** STORED DATA **
···

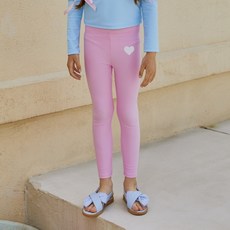 Le Motif 女童愛心粉紅水上緊身褲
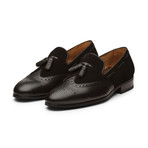 Wingtip Tassel Loafers // Black Suede + Leather (US: 7)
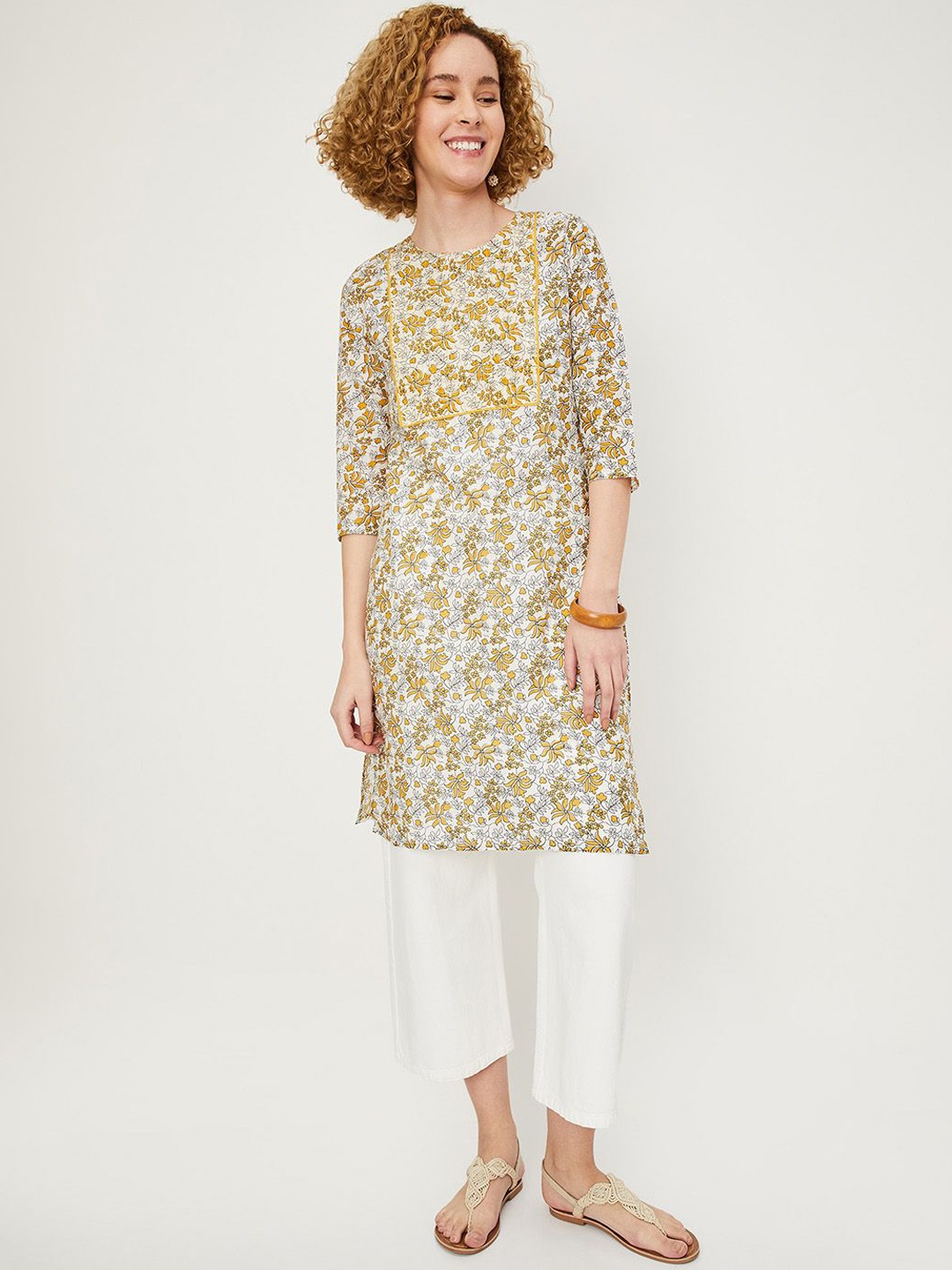

max Women Floral Printed Flared Sleeves Thread Work Kurta, Off white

···

** WORK ORDER **
Find the line with "Wingtip Tassel Loafers". Return it and each line after it through the end of the data, exactly, without pictures.

** WRITTEN REPLY **
 Wingtip Tassel Loafers // Black Suede + Leather (US: 7)

max Women Floral Printed Flared Sleeves Thread Work Kurta, Off white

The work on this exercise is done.